A few problems with my approach:

  1. Would be a race for all users in set B… maybe limit Emergency to 1 person sounds better after writing it out like this. Or maybe have it be in a way where you just get a CSV export and not reset all of User A’s passwords etc. That way each user in set B can recover independently… but another bad thing is scaling. One set of keys for each user doesn’t scale too well.
  2. The whole masking key thing seems unnecessary. I think I was trying to do something where User N holds the RSA-encrypted key, and BW holds the masking key… but it wouldn’t make a difference if there was no masking key.
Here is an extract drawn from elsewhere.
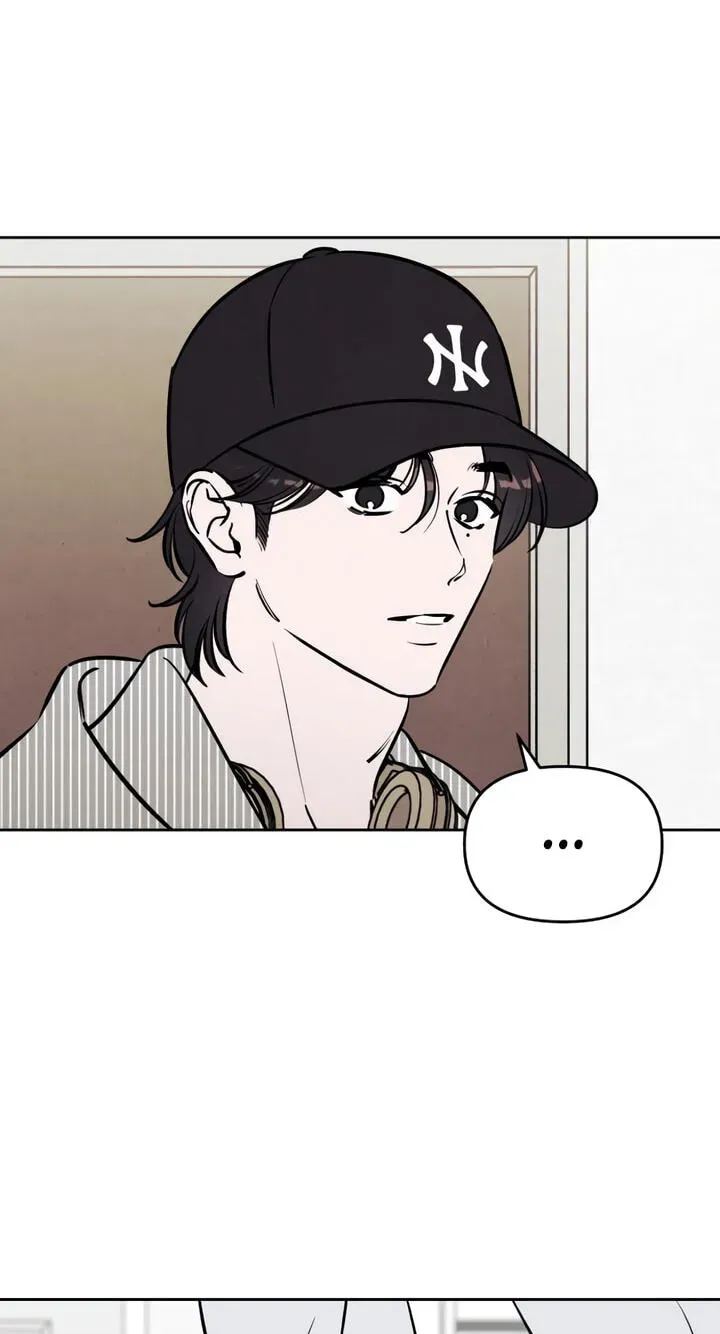 Can I Borrow the Fire? Chapter 95 page 42 -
Oh well. re-writing is a pain.
  3. If eventually you implement the “re-key the encryption key and re-encrypt the entire vault” feature… you would need to have User A re-encrypt the new encryption key not only with their master-password key, but also need to re-encrypt the Protected Key for each User in set B. Which means the user would need to re-verify the pubkey or somehow store the pubkey fingerprint in case they ever need to re-key…
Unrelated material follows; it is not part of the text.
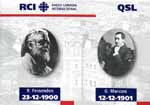 Radio Canada International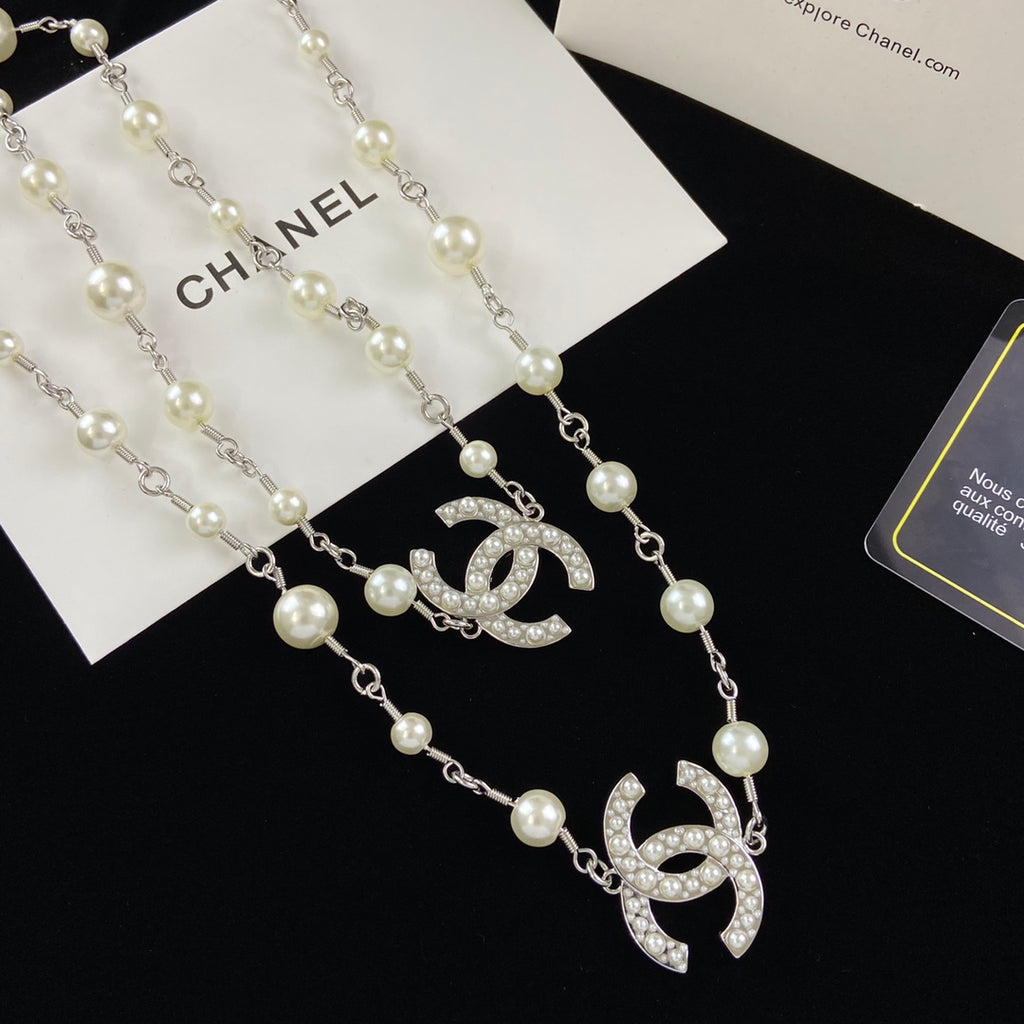 X1Z94C825K  Popular   Necklaces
Overall, it seems like there is a way to implement this feature without BW holding the keys… BW is just holding back the sharing of the keys with another person that User A already agreed to.

BW collusion with User in set B is the only increase in attack surface, but in exchange for that. The user gets piece of mind. (User in set B is probably a loved one anyways)

Also, if User N is a loved one, but they only created a Bitwarden account just for this feature and nothing else… higher chance they forget their master password… so while the above seems fairly secure… it might not work well in practice unless the User A tells User N to never ever ever lose their Bitwarden Password.